I jumped down onto Totaranui Beach and walked along to the campsite where there were plenty of RVs and people on holiday. I stopped and made a coffee before pushing on again, heading past the Totarani Education Centre on a grassy path…
…before climbing a small hill over to Anapai Bay Campsite, a small beach camp.
I stopped for a rest before pushing on over a pair of short ridges.
I came down into Mutton Cove Campsite where I would be staying for the night. The camp was a large grassy area, but there was a lot of wind coming off the sea. I found a tucked away spot and pitched my tent. For much of the afternoon, only the occasional other walker would come by to stop for a break then head on again. Of course, I was not to have the place to myself, as late in the afternoon the noisy bunch arrived, thankfully camping at the other end.
Day 4 – Mutton Cove Campsite to Wairau Bay Carpark – 8km – 2.5 hours Today is a short day as I need to meet the trail transport in the early afternoon.

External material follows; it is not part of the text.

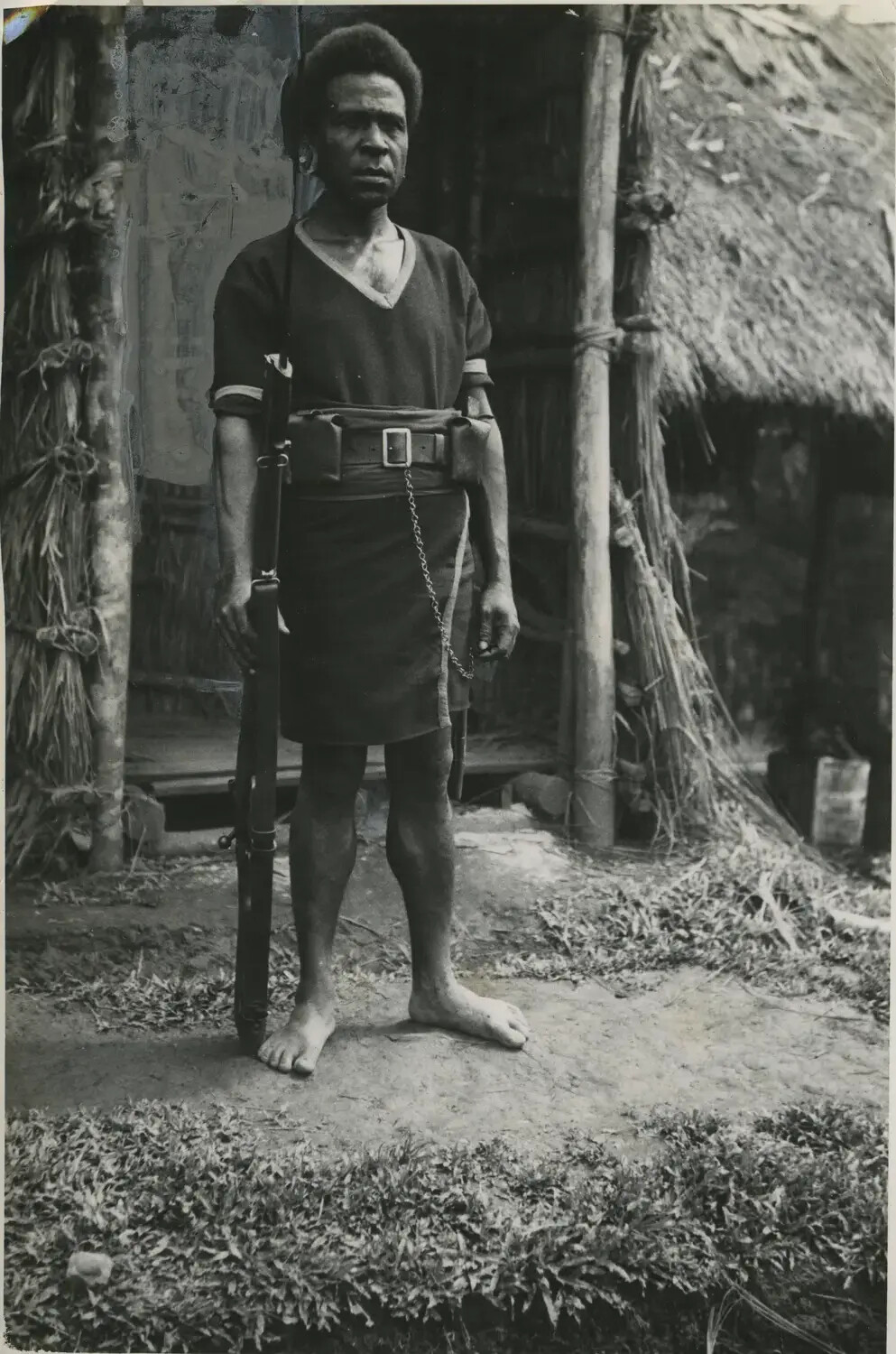 Armed Papua New Guinean Man in Traditional Dress Near Thatched Dwelling, Southwest Pacific, WWII Era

I set off at my normal time, again just as the noisy crowd awoke.
I headed up the first steep climb right out of the camp as it crossed the peninsula to Wharwharangi Bay, and walked along the trail off the beach. The trail cut inland and passed the Wharwharangi Bay hut where I stopped to get some toilet paper to clean my sunglasses, then off again straight away onto the highest climb of the trail.
I powered up the sometimes steep trail and eventually came to the summit feeling strong. I took a break on a seat before beginning the slow descent around into Wainui Bay, where I was 2 hours early for the pickup.
I had hoped there might be a shop of similar nearby, but it was not to be the case. So, I found a camp table, got changed into long clothes to avoid the sandflies and just waited. The vehicle was early, and as all five of us were already there, we packed up and headed back to Nelson.
Overall, The Abel Tasman was a nice little hike with one main issue for me, a large portion of it was spent in the forest. I’ve done plenty of forest walking in my time, but it tends to feel like I am on a treadmill with a screen showing forest displays. You climb and descend, turn left and right, but really have no idea where you’re going. I found this to be a typical case around the northern South Island. Other than this, I found the walk interesting and the various inlets a good respite from the forest. I did also note that two thirds of the people walking were woman. I noted similar on my next walk too and certainly aren’t complaining complaining.